Nigeria, one of the most curious nations about cryptocurrencies, is preparing new industry regulations for digital asset platforms. The Nigerian Securities and Exchange Commission (SEC) is considering new regulations that would allow licensed digital exchanges to list tokens backed by certain assets, according to a report by Bloomberg.
Abdulkadir Abbas, the head of securities and investment at the Nigerian SEC, noted that the authority plans to only authorize listings of tokens based on assets such as equity, debt, or property. Cryptocurrencies like Bitcoin and Ether will not be among those assets. The aim is to register fintech firms as digital sub-brokers, crowdfunding intermediaries, fund managers, and tokenized coins issuers. However, the SEC will not register crypto exchanges until the central bank provides clear regulations for the crypto market.

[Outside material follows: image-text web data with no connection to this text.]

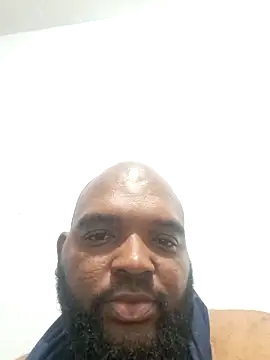 Snapshot of Sny- chatting on March 2, 2026, 6:37 pm Sny- online show from March 2, 2026, 6:37 pm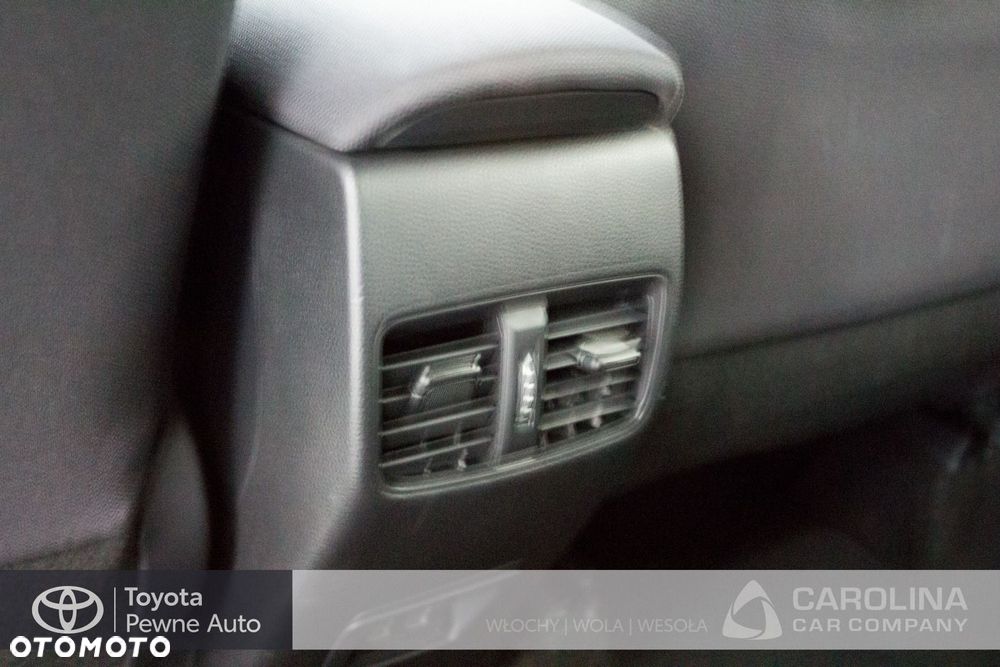 Toyota Corolla Cross - 13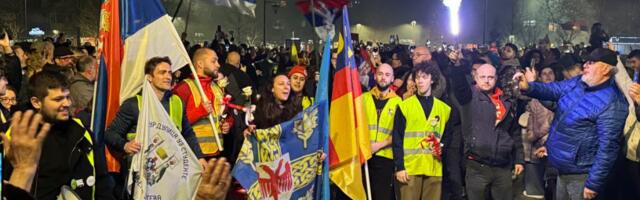 Vatromet, baklje, crveni tepih, hleb, so i mlevena parika, ali i suze veterana na dočeku studenata u Leskovcu (video)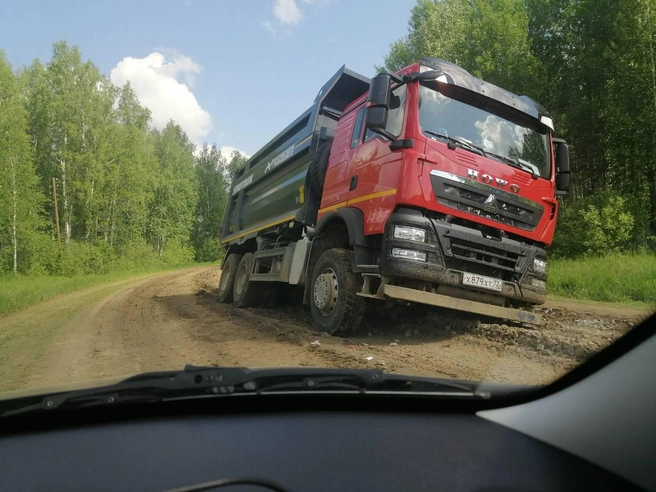 Грузовик не смог проехать | Источник: предоставлено жителями Новоберезовки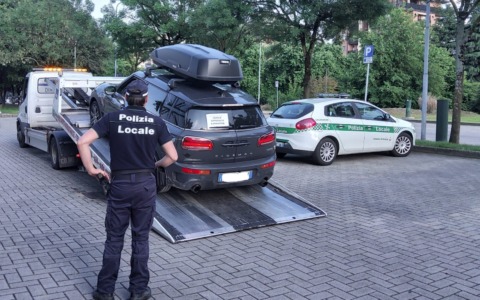 Senza patente guida un’auto sotto sequestro: fermato dalla Polizia Locale
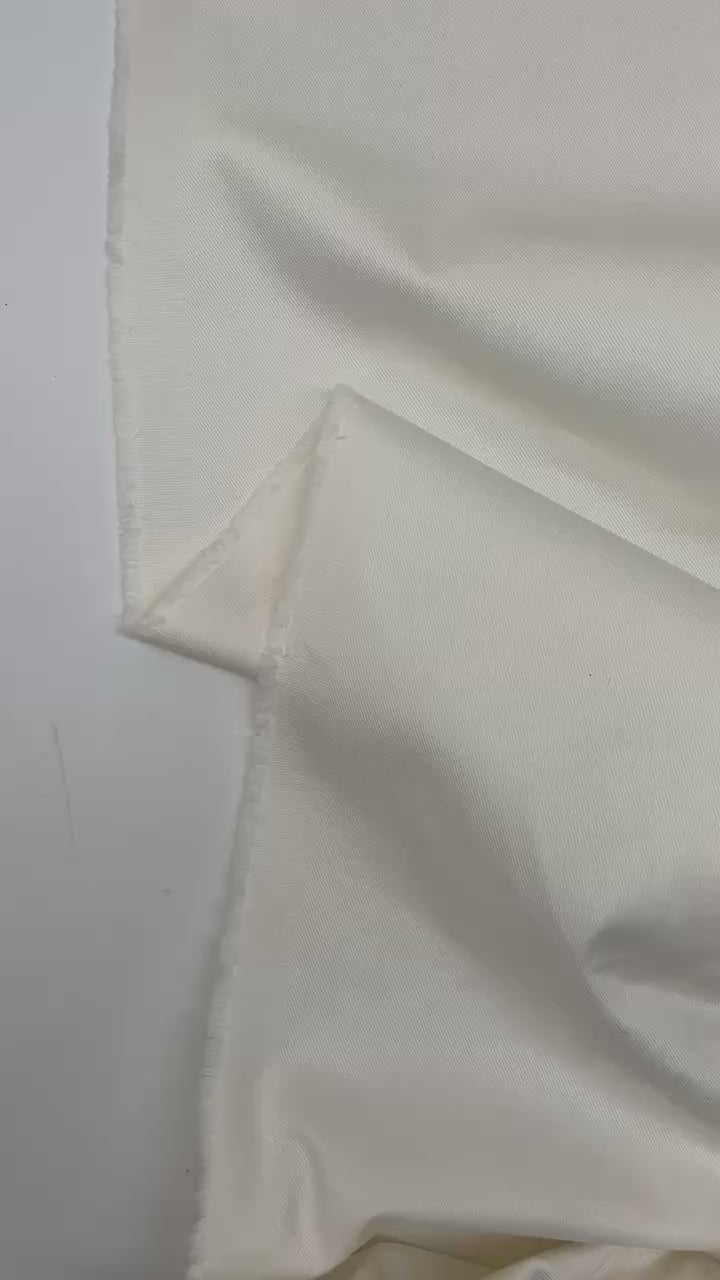 video afcd81b9-f304-4ef2-b737-ca79ea84d8ea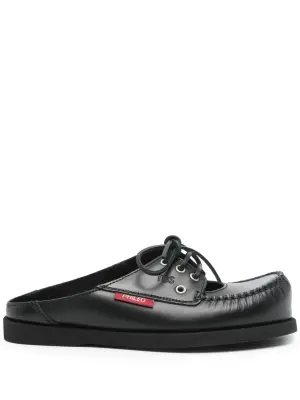 Шлепанцы из коллаборации с TBS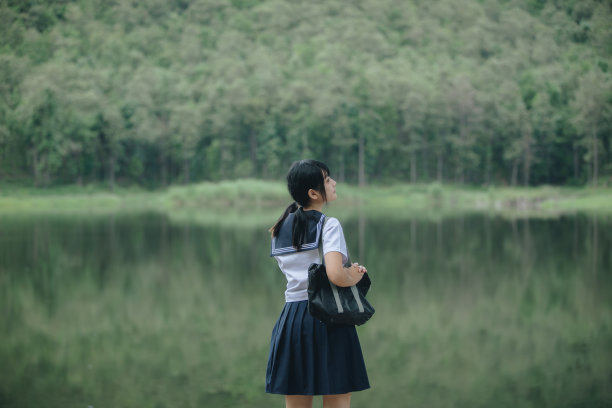 肖像的亚洲日本女学生服装看公园户外电影复古风格图片下载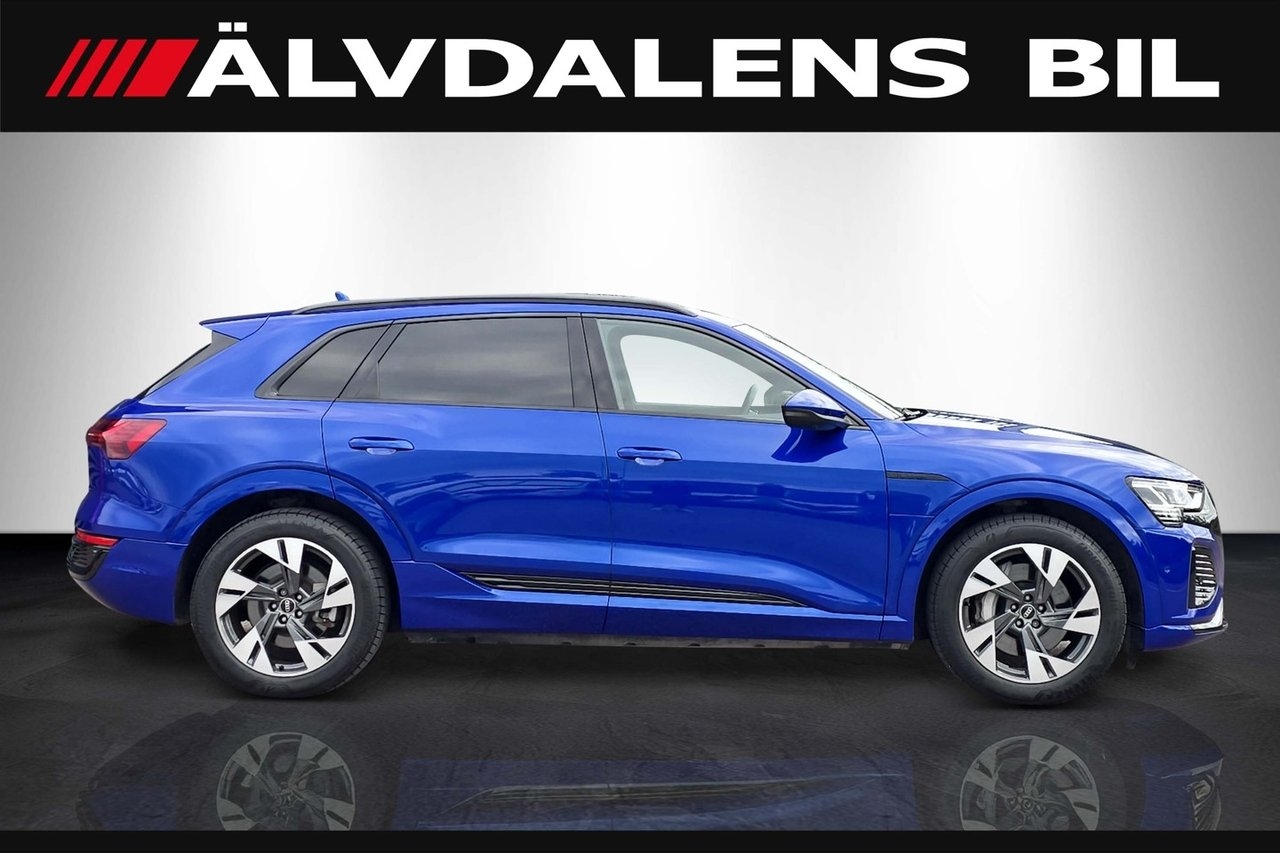 Audi Q8 55 e-tron Q S-Line 408hk, B&O 2024, bild 4/10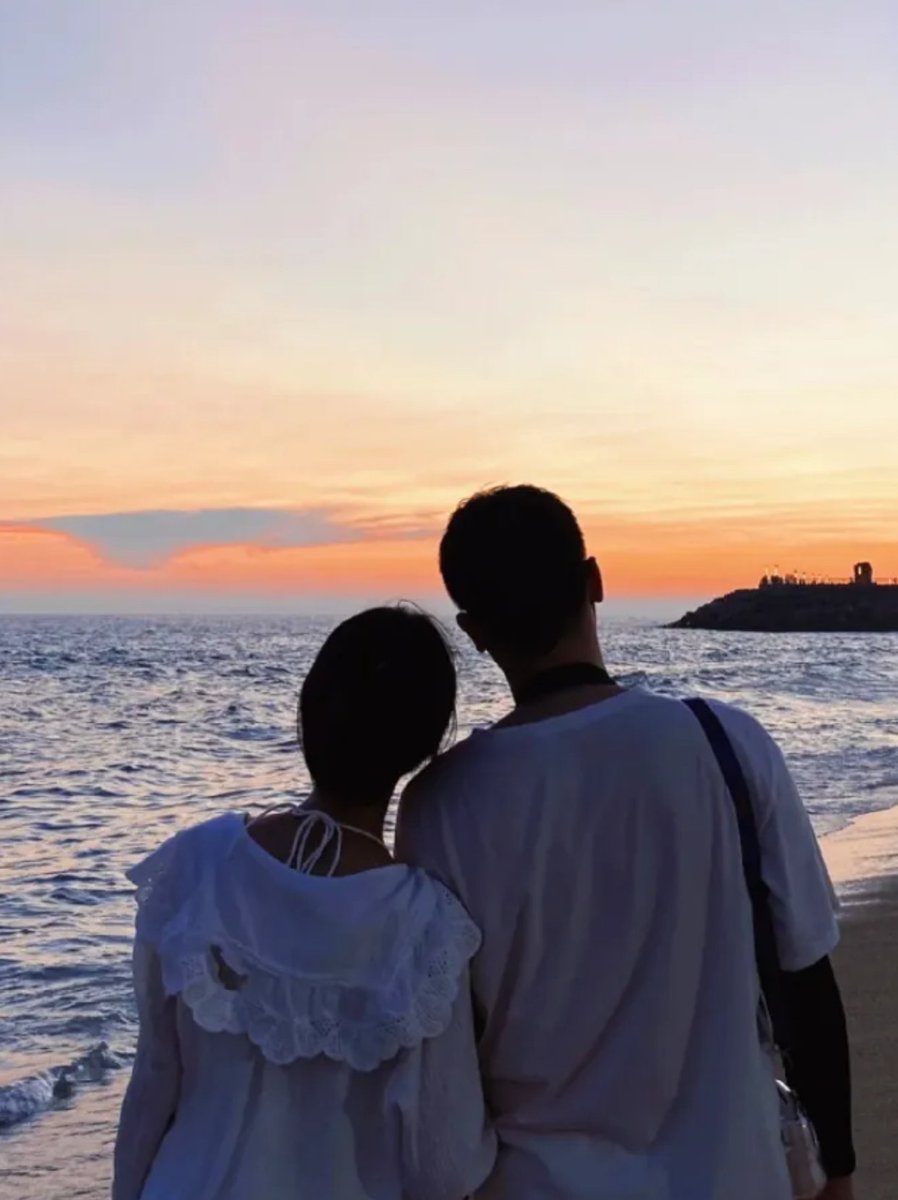kelley_min39587's tweet photo. Distance means so little when someone means so much — late-night video calls and shared snacks make every mile feel worth it https://t.co/7e5POZp8KN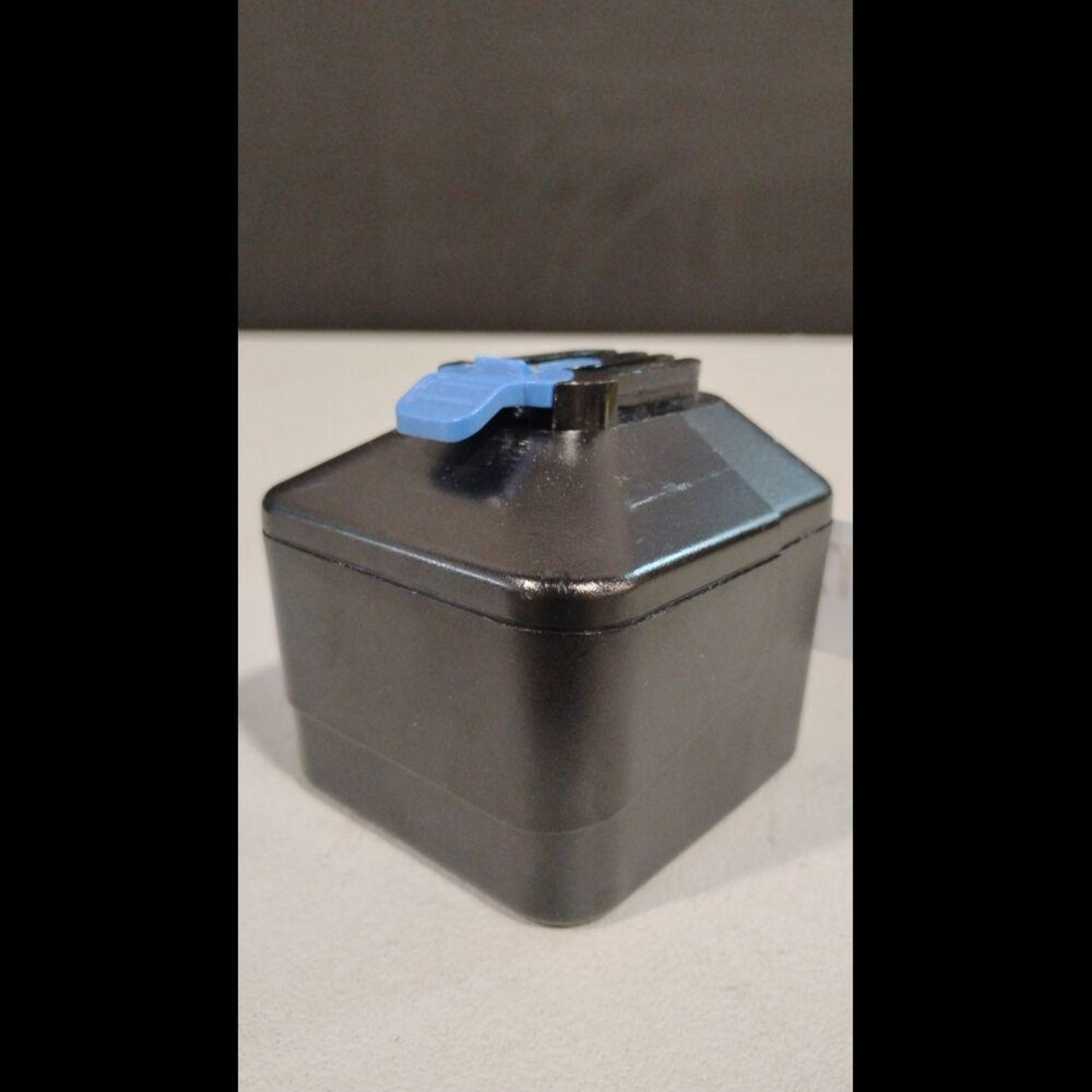 STRYKER 6215 SYSTEM 6 BLUE TAB BATTERY - Image 3 of 3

License applicants would undergo a year of “regulatory incubation,” during which the SEC would study their operations and render their services in the country, according to Abbas. He added that by the 10th month, the SEC should be able to make a determination whether to register the firm, extend the incubation period, or even ask the firm to stop operation.
The Central Bank of Nigeria had banned local banks from providing services to cryptocurrency-related platforms in early 2021. On the ban, the regulator cited high risks associated with trading cryptocurrencies such as Bitcoin. The central bank also promised to impose strict penalties for any lender or financial institution failing to comply with the directive.
Despite the ban, Nigeria has emerged as one of the most active countries in terms of adoption and curiosity about Bitcoin and other cryptocurrencies.